### Work order
In the entries below, find the line containing "New 2026 Ford F-250 XL" and the line containing "Copeland,Johnny - Flyin' High". Copy those two lines and everything between them exactly, without the pictures.

Segment Start: Data for the task

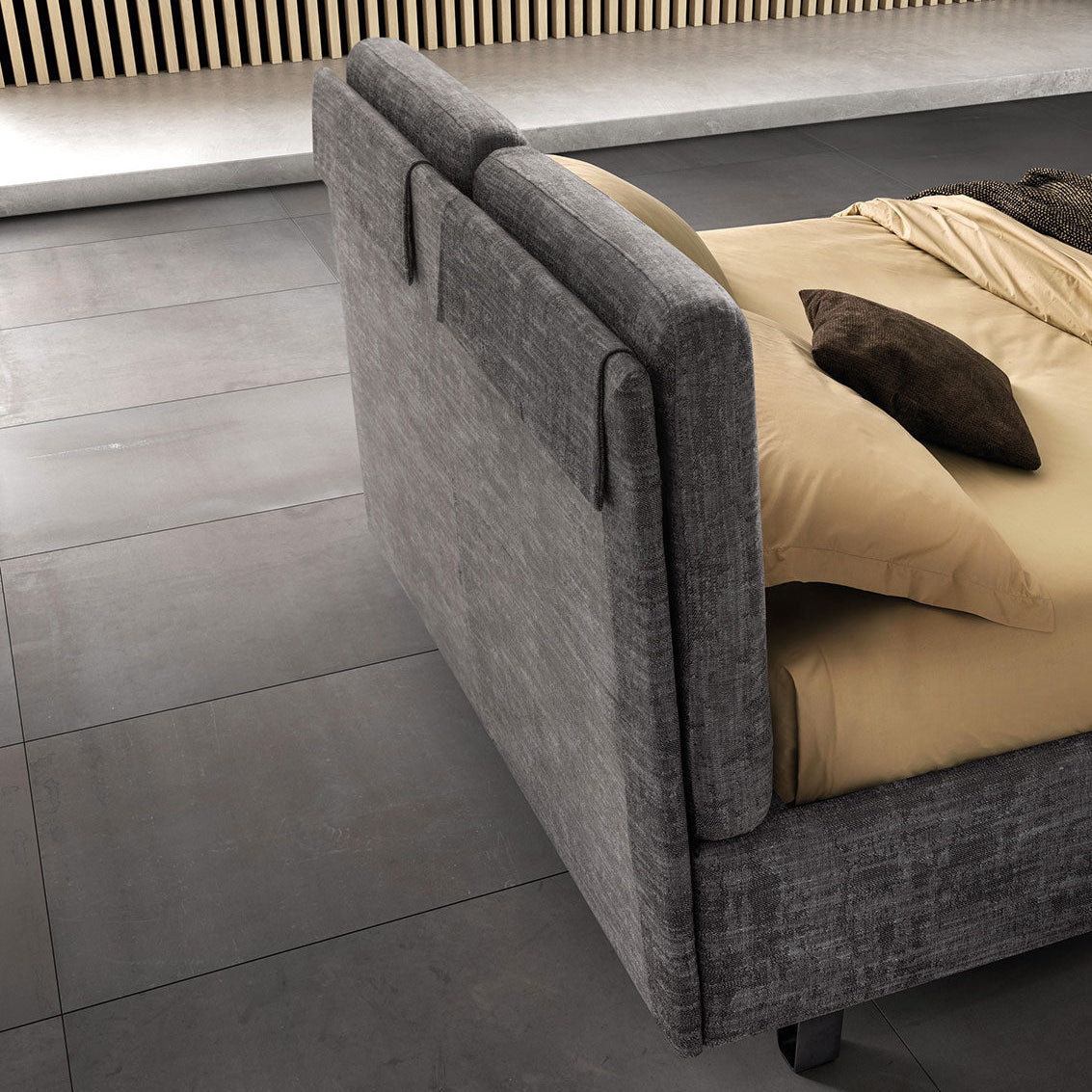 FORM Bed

Segment End: Data for the task
Segment Start: Data for the task

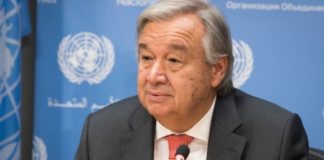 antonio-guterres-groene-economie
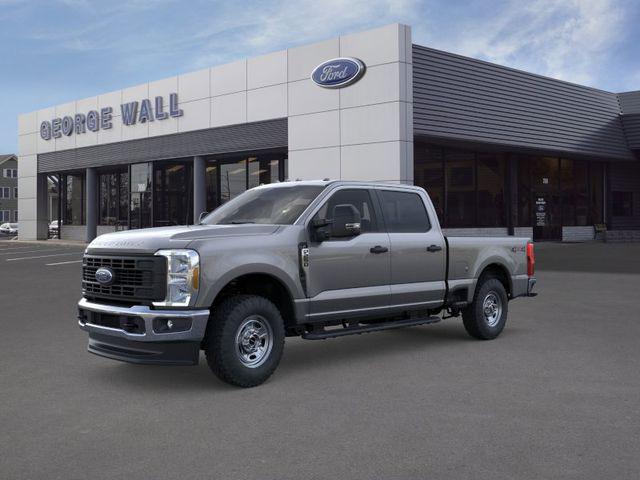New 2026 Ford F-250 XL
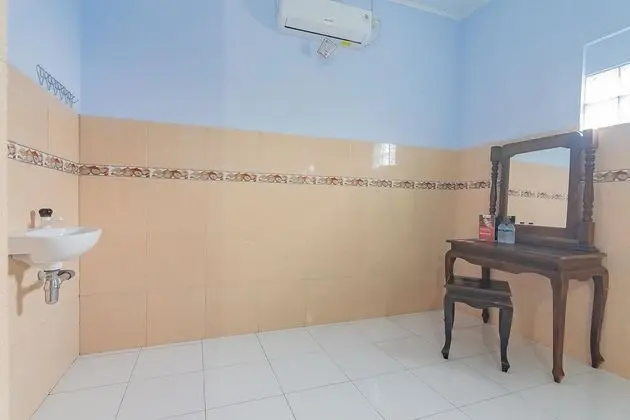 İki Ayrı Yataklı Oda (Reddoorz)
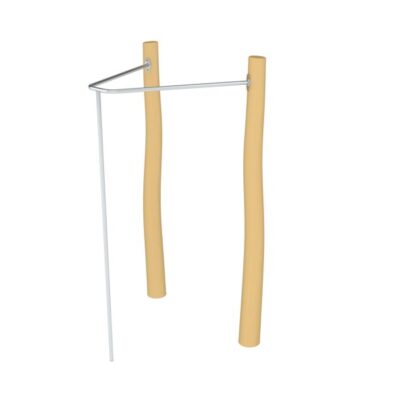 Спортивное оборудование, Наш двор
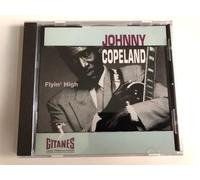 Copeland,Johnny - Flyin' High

Segment End: Data for the task

### Response below
New 2026 Ford F-250 XL
 İki Ayrı Yataklı Oda (Reddoorz)
 Спортивное оборудование, Наш двор
 Copeland,Johnny - Flyin' High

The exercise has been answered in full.